(Beginning of SOURCE MATERIAL)
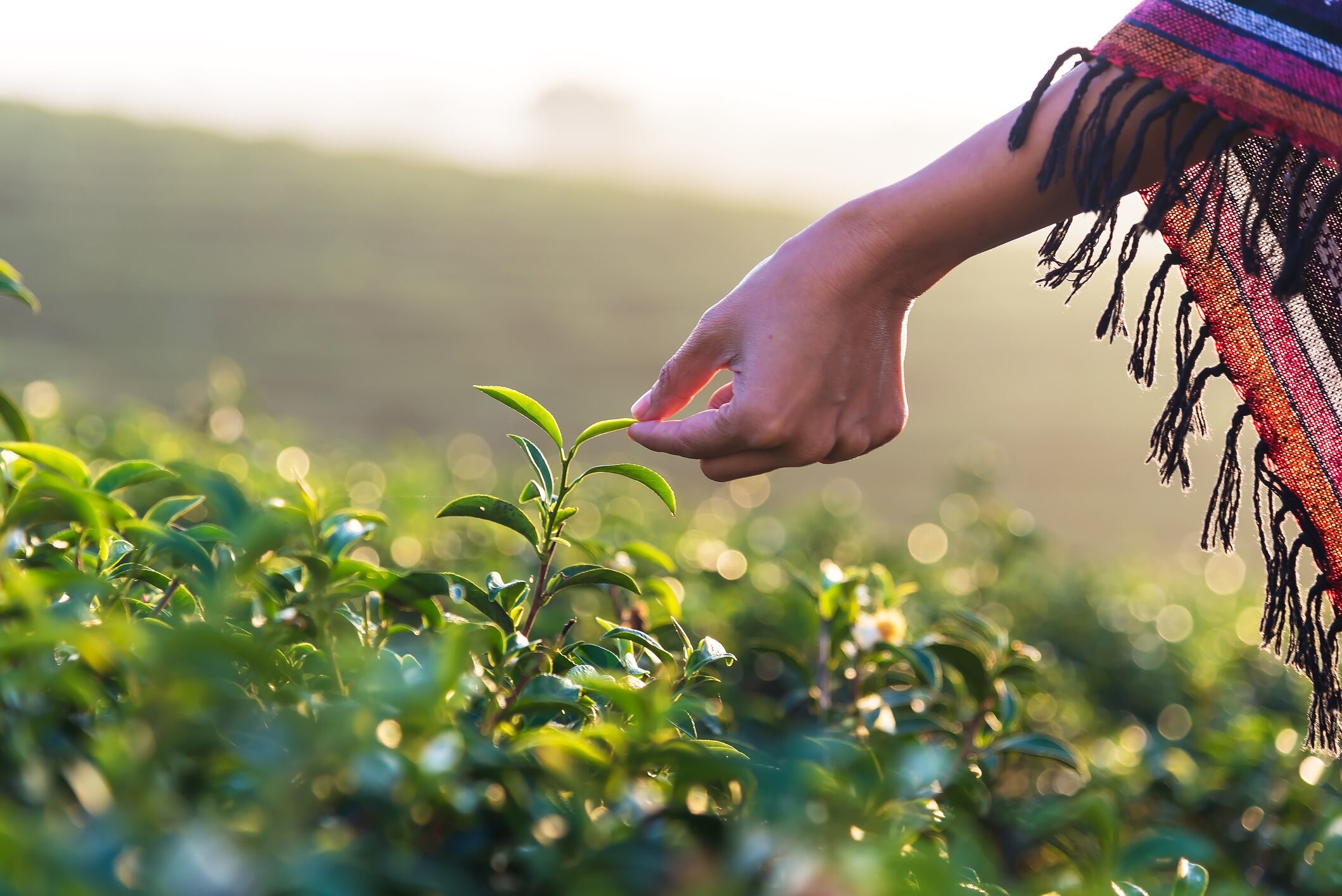 NSF paper lays out data backing call for new pesticide limits for botanical ingredients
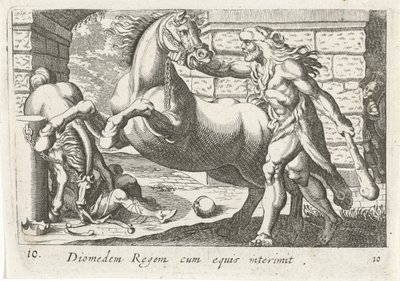 赫拉克勒斯驯服狄俄墨得斯的马匹
Diomedem Regem cum equis（物体上的标题）
大力士主题（系列标题） 作者 安东尼奥·坦佩斯塔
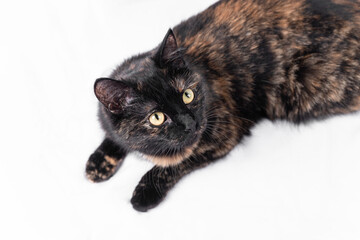 A tricolor cat looks up, a cat on a white background, a furry young hunter watches the prey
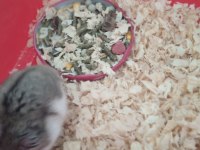 Minik yavru hamster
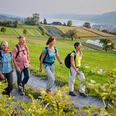 Wandergruppe auf dem Eichberg Seengen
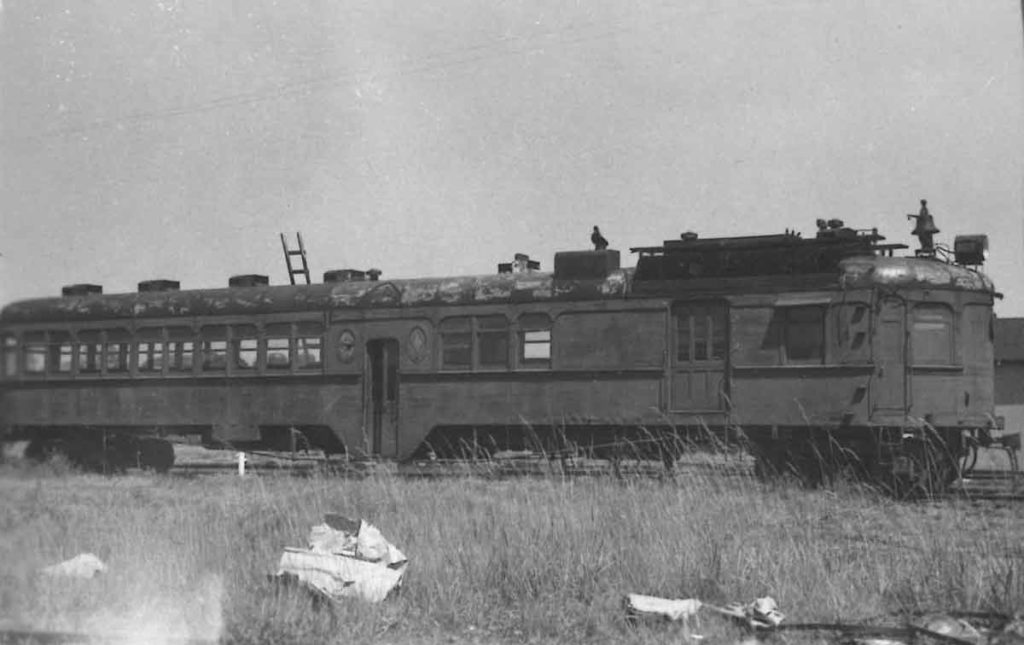 ApalachicolaNortherndoodlebug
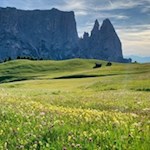 Die malerischen Almwiesen der Seiser Alm vor der Kulisse des Schlern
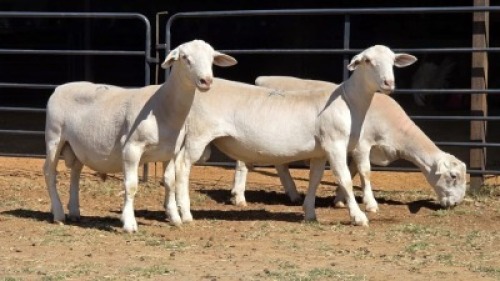 3 X WIT DORPER RAM IAN LONG (Per animal to take the lot)
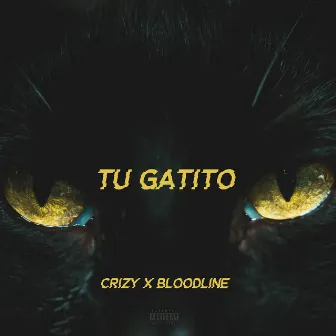 Tu Gatito by Crizy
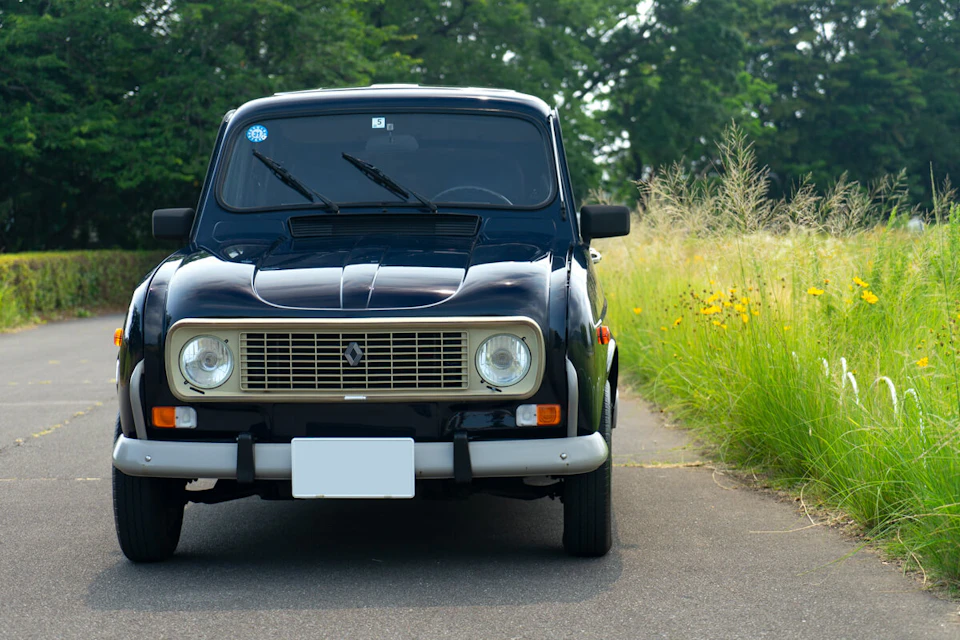renault 4 gtl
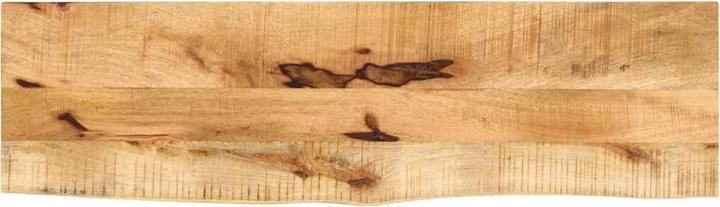 Image du produit vidaXL Tischplatte (100 x 20 cm)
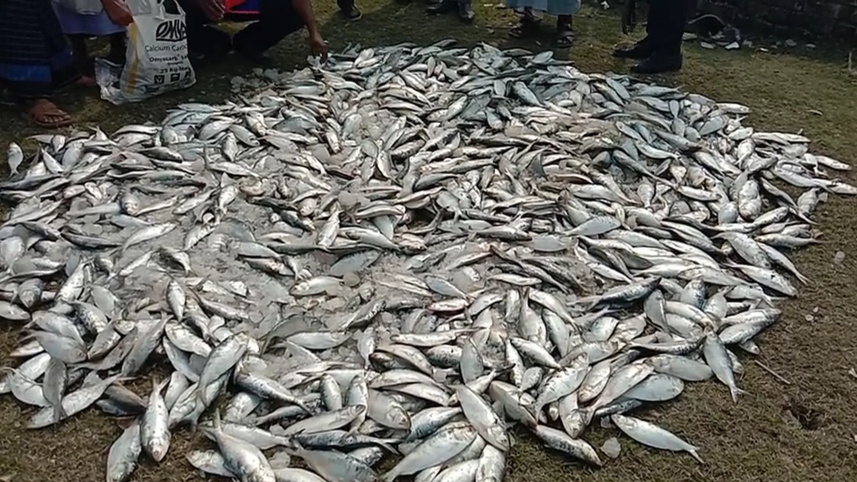 jatka seized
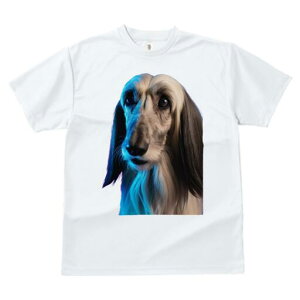 AtKnEh TVc fB[X t@  t  vg JWA 킢 lԗp h ̃fUC ʔ AtKnEh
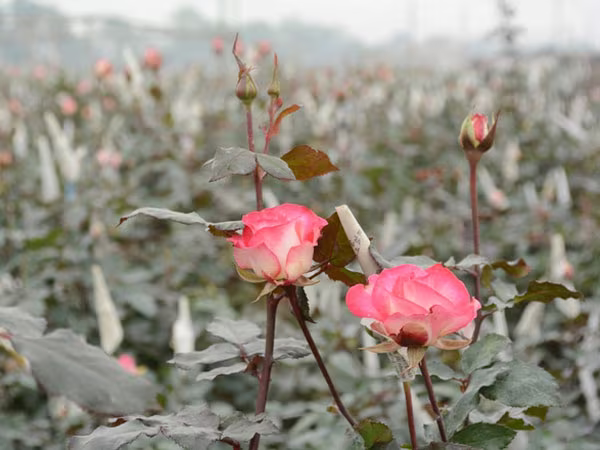 Xuân sớm trên làng hoa Tây Tựu ảnh 5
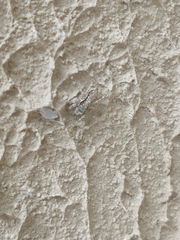Menemerus bivittatus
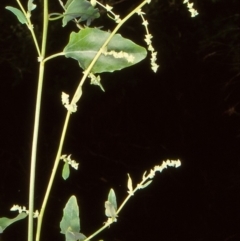 Chenopodium album (Fat Hen) at Merimbula, NSW - 3 Apr 1999 by BettyDonWood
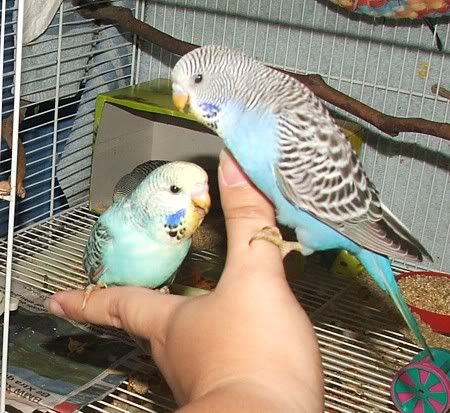 reep-berrytalk.jpg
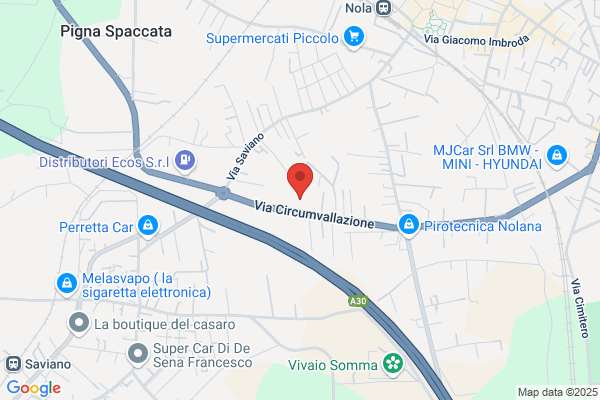 Il Papiro Di Lo Savio Rosario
(End of SOURCE MATERIAL)
Only the lines from the one containing "ApalachicolaNortherndoodlebug" through the last line of the entries belong in the answer, given again exactly. Images stay out.

> **PROBLEM SOLUTION**:
 ApalachicolaNortherndoodlebug
 Die malerischen Almwiesen der Seiser Alm vor der Kulisse des Schlern
 3 X WIT DORPER RAM IAN LONG (Per animal to take the lot)
 Tu Gatito by Crizy
renault 4 gtl
 Image du produit vidaXL Tischplatte (100 x 20 cm)
 jatka seized
 AtKnEh TVc fB[X t@  t  vg JWA 킢 lԗp h ̃fUC ʔ AtKnEh
 Xuân sớm trên làng hoa Tây Tựu ảnh 5
Menemerus bivittatus
 Chenopodium album (Fat Hen) at Merimbula, NSW - 3 Apr 1999 by BettyDonWood
 reep-berrytalk.jpg
 Il Papiro Di Lo Savio Rosario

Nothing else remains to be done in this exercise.